You need not learn Hebrew to benefit from the Hebrew studies presented.Visual clues are given here to permit you to enjoy the benefits without it. Those wishing to observe patterns on their own will want to learn to recognize Hebrew letters and use tools to discern Hebrew gates (two-letter sub-roots) and words. With this text, a short-hand is used to indicate when notarikon is used. The word father אב is split into א-ב after he spoke and created the heavens and the earth א he revealed himself to man ב. (Hebrew is read right to left) [1]
Metaphor
A metaphor is a figure of speech which a word or idea literally represents another. All language is metaphor.

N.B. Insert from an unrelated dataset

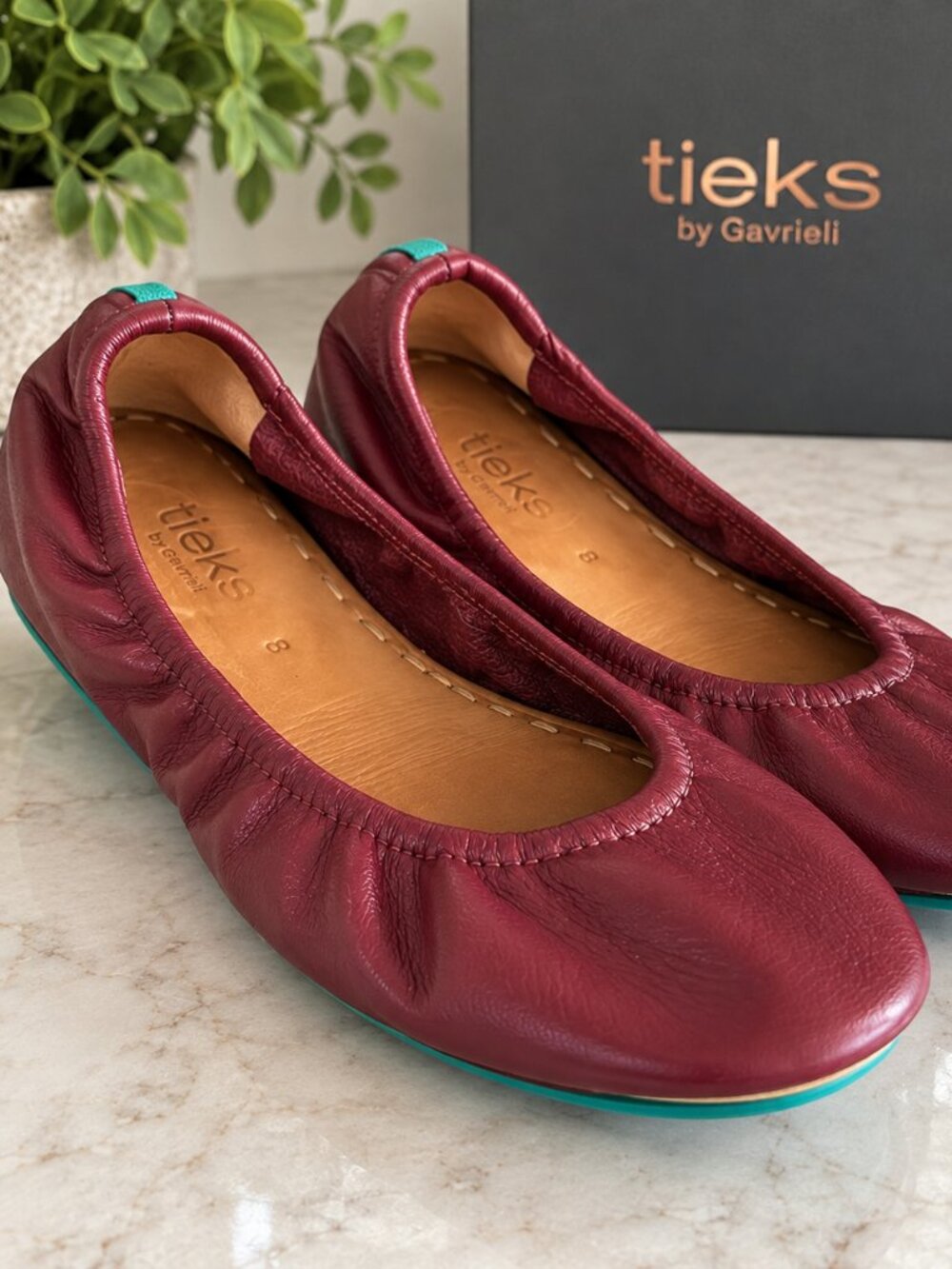 Tieks by Gavrieli Burgundy Leather Ballet Flats Turquoise Sole Size 8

Words, which are either visual symbols or audible symbols are not the idea being represented, but tokens of the idea. An idea may be represented by different symbols. Extending our example above, the word 'father' is not a father, but a mere representation of a father. We might also use 'dad' or 'procreator'. Likewise, the symbol may be used for different ideas: 'originator of an idea', 'leader of a movement'.

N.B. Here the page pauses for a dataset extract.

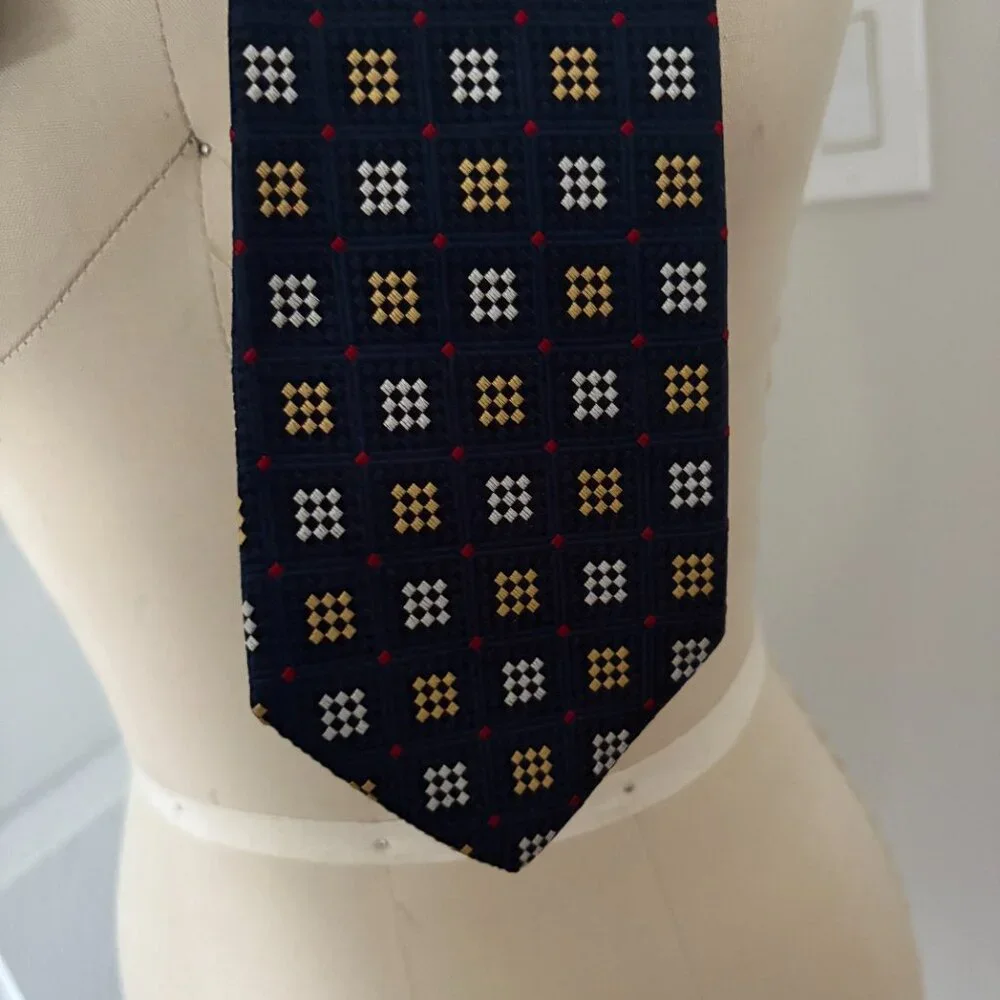 Lands' End Direct Merchants Blue Diamond Pattern 100% Silk Tie Preppy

A translation from Hebrew to English may change the linking of a symbol and idea. Notarikon helps us restore those links. We don't really care about words... the symbols, but what is meant by the words; the ideas. Notarikon is the father of understanding. (That was intentional word-play).

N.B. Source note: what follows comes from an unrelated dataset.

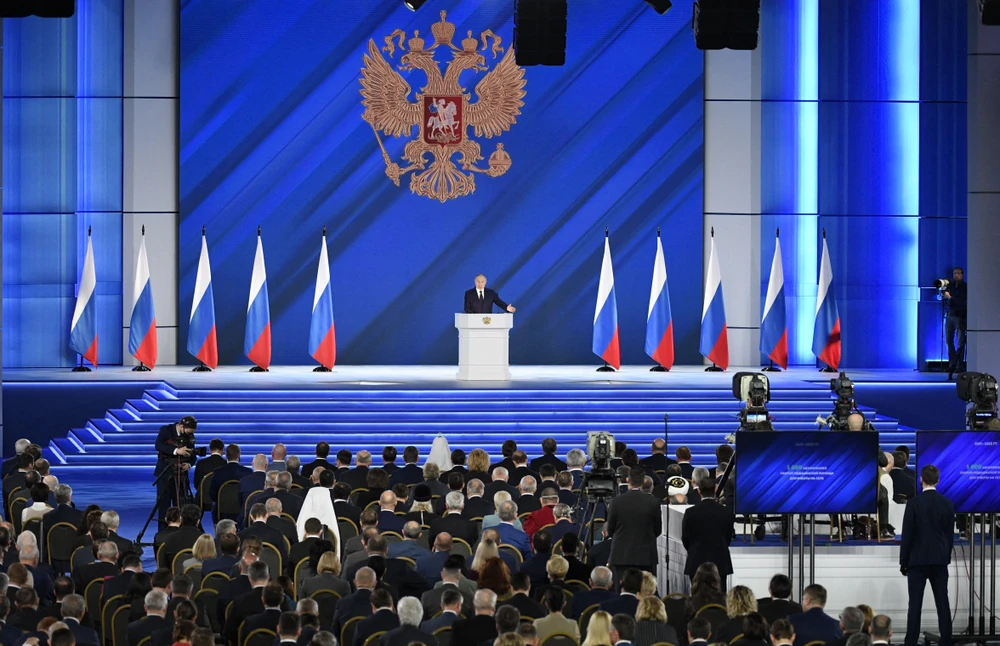 Tổng thống Nga Vladimir Putin đọc Thông điệp Liên bang thứ 27 tại Moskva ngày 21/4/2021. (Ảnh: AFP/TTXVN)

Ge 1 Notarikon - The father example
Father ab אב is 'after he spoke and created the heavens and the earth א he revealed himself to man ב'. But since each letter is a metaphor, we have different ways to express the metaphor which shed more light on the meaning of the word.
The aleph א can be expressed as 'Holy' or 'separated'. This is because there is only one creator. He is different from anything and everything that has been created. Father could be expressed as the Holy one who revealed himself to man.
The first three days of creation are expressions of the aleph. The Spirit hovered over the face of the waters, God separated light from darkness, he separated the waters above from the waters below, and he separated the dry ground from the waters.
On the third day, he expressed that he is the Father using different symbols. Grass came forth from the dry ground. Ab also means 'green shoot. The green shoot is a living metaphor for the father expressing that he is the giver of the first life.
There were trees with their fruit with their seed. The fruit on a tree is also called ab. Fruit is like a father and the seed like it's child. But it also shows that the Father is the giver of the second life. First a tree would be a shoot, and then produce life. God is the giver of the first and second lives.
The words used to express this on day three do not contain 'ab'. They use different symbols to establish a pattern and communicate the idea of what a father is.
The key thing to observe in this is not that words are themselves metaphor, but that the lives of the shoot and tree are also metaphors. The lives of the people in the Bible are metaphors. They express ideas about Christ.
What of the herbs created on day three? The herbs were given to men to eat. [2] With eating as a symbol for learning, between the giving of the first life (the grass) and the giving of the second life (fruit) you have the revelation of God to man; bet ב God revealed himself to man (herbs). This is also expressed by the aleph א. This is the very theme of the Bible: Between the creation of man, and his being 'born again', he learns from God.
Many ways
Some would have us believe that God reveals himself in only one way in the Bible. They insist we interpret it historically and grammatically. But Paul says that God has revealed himself in many ways [3] [4]. Recognizing and using the ancient Hebrew practice of formations and notarikon as part of our close reading discipline, produces the intended meaning of scripture without having to resort to free-for-all allegory. Meaning is unpacked from the words themselves.
References
- ↑ A study of the alphabet is here: Pneumnemonic_Hebrew_for_Beginners.
- ↑ Ge 3:18 Thorns also and thistles shall it bring forth to thee; and thou shalt eat the herb of the field;
- ↑ Heb 1:1 ¶ God, who at sundry times and in divers manners spake in time past unto the fathers by the prophets,
- ↑ We are not ignorant of debates that 'scholars' have about the authorship of the book of Hebrews. They are simply dismissed as late arguments designed to cast doubt on scripture, perpetuated by those who would make themselves look clever.